House Republicans have already voted 51 times to repeal ACA and on March 30, House Speaker John Boehner said they weren't giving up the fight.

"House Republicans will continue to work to repeal this law and protect families and small businesses from its harmful consequences," he said. "We will also continue our work to replace this fundamentally-flawed law with patient-centered solutions focused on lowering health care costs and protecting jobs."

It's a sure bet if Republicans take the Senate in November the repeal effort will take on a new earnestness, as the Democrats will be in no position to thwart House-approved repeal measures. But it's doubtful any repeal bill approved by Congress will have the votes necessary to overcome a veto by the president.

Levey writes that even if Republicans control both houses of Congress following the November elections, "The millions of newly insured also create a politically important constituency that may complicate any future Republican repeal efforts."

Michael Hiltzik, also writing for the Los Angeles Times, took a look at Texas Sen. Ted Cruz's Facebook page, where he asked people for their opinions on Obamacare.

Hiltzik notes the response Cruz got was not what he expected.

"It's probably fair to say that he didn't expect the tsunami of "YES" votes that have shown up on the page among the 47,000 that Facebook says have been posted. The general tenor of remarks is that the Affordable Care Act is a good thing, that Cruz should get out of its way already and that, if anything, he should be working to improve it, not overturn it."

Ron Fournier, writing for the National Journal, notes while Democrats are in danger of losing the Senate due to Obamacare and the propaganda war its critics have waged against it, Republicans aren't immune from backlash.

"Will Republicans pay a price for blocking Medicaid expansion in states?"

Whether you believe the number affected is seven million or more than 22 million, the fact is ACA has changed the way Americans view health insurance. If that's good or bad has yet to be determined.

As Fournier notes "a flawed ACA is the best approach that a divided and dysfunctional Washington could produce at the time ..."

We at the Reformer have advocated for a single-payer system and grudgingly accepted Obamacare as the best thing Democrats could get through a divided Congress.

"For Obamacare to be a durable reform, the ACA needs political and policy input from Republicans," writes Fournier. "Democrats need to be willing to cede some control, and Republicans need to responsibly accept it. That's not going to happen any time soon. Not when ‘fix it' is an empty election-year slogan for the Democratic Party, and when governing from Washington is impossible for the GOP."

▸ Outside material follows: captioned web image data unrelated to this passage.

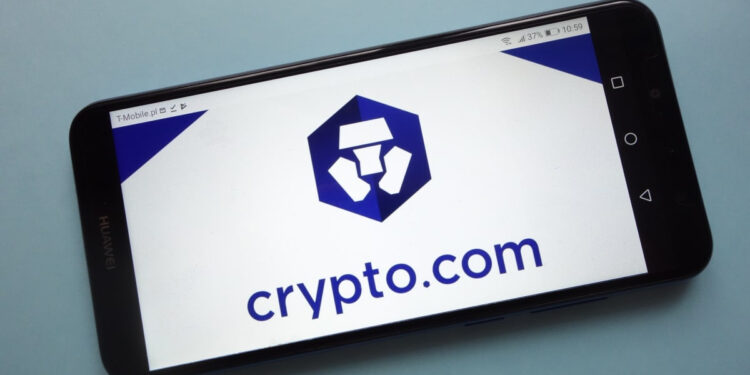 Teléfono inteligente que refleja el logo de Crypto.com.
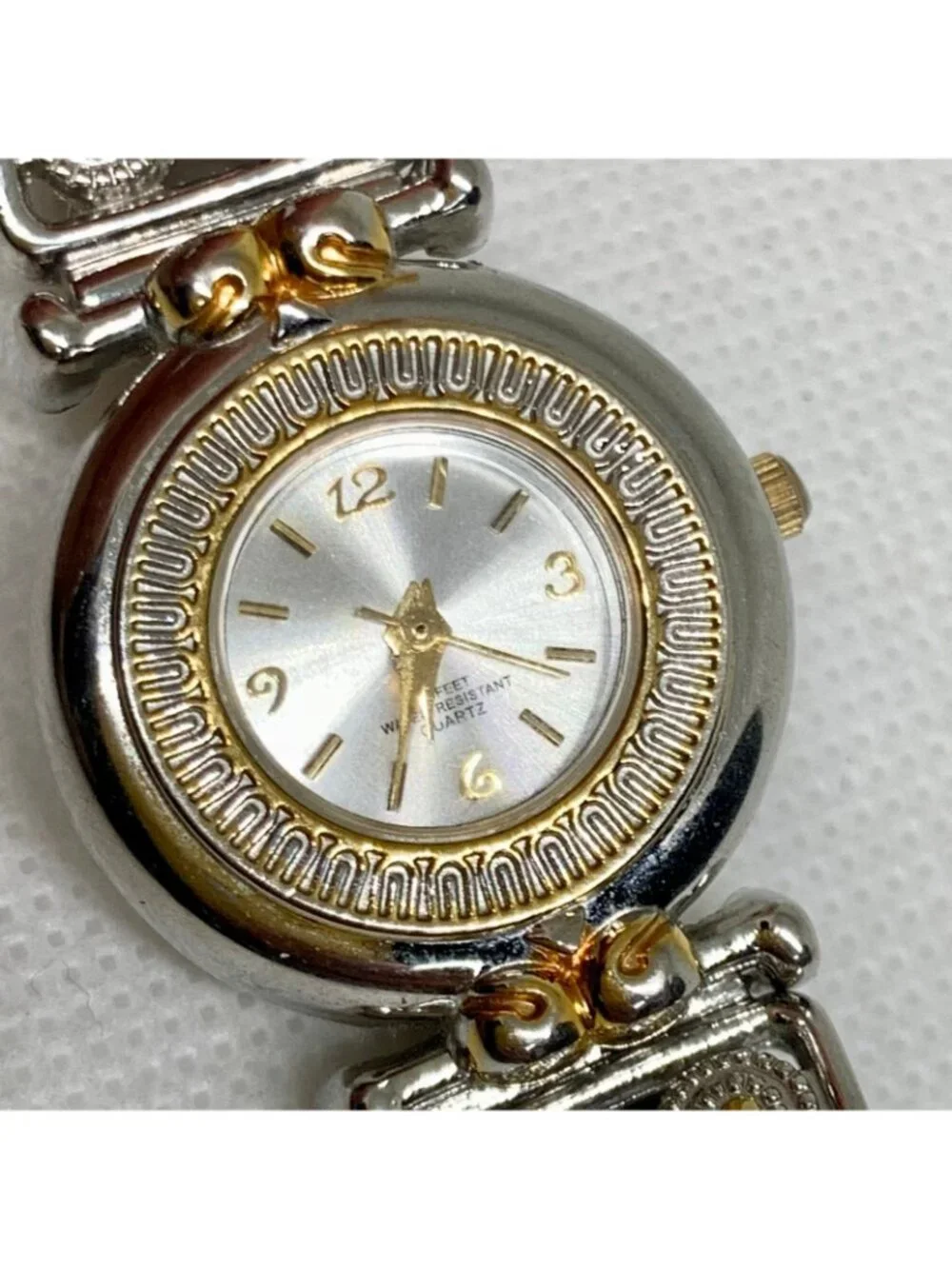 Women’s vintage watch quartz analog silver gold tone 25mm round running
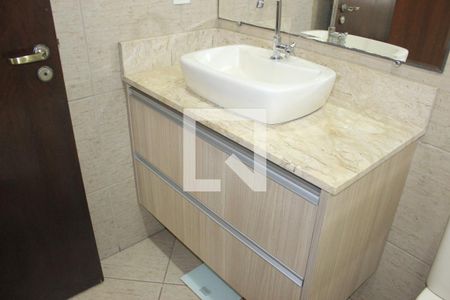 Casa à venda com 260m², 4 quartos e 4 vagasBanheiro da Suíte 1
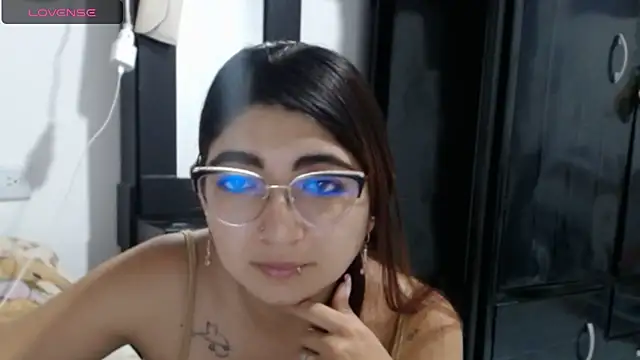 Snapshot of esteni chatting on March 16, 2025, 8:00 pm esteni online show from March 16, 2025, 8:00 pm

We'll be interested in seeing whether the GOP's repeal Obamacare efforts are nothing but rhetoric to rile up their base and insure they secure control of Congress and if they do take control whether they will actually push ahead with those efforts. We're not so sure overturning something that has positively affected up to 22 million people is a wise campaign strategy, but the Republicans and their big money puppet masters have proven adept at getting people to vote against their own best interests.

In the next few months, Democrats need to run toward ACA and not away from it, and they need to defend it as the best plan possible given the intractability of the GOP and its hatred of America's first black president. Show some spine Democrats. We think you've got one, but we need to see the proof.